DATASET EXTRACT:

____

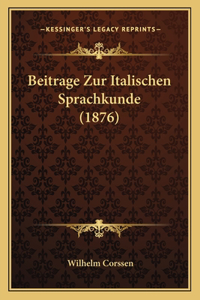 Beitrage Zur Italischen Sprachkunde (1876)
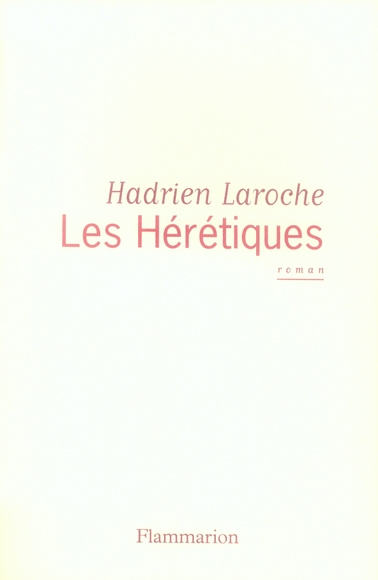 Emprunter Les Hérétiques livre
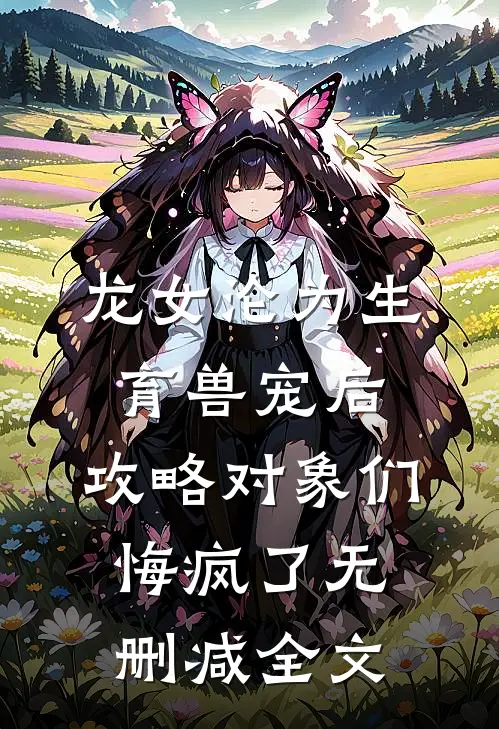 龙女沦为生育兽宠后，攻略对象们悔疯了无删减全文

____

Repeat the data word for word; drop the pictures.

COMPLETED TASK:
 Beitrage Zur Italischen Sprachkunde (1876)
 Emprunter Les Hérétiques livre
 龙女沦为生育兽宠后，攻略对象们悔疯了无删减全文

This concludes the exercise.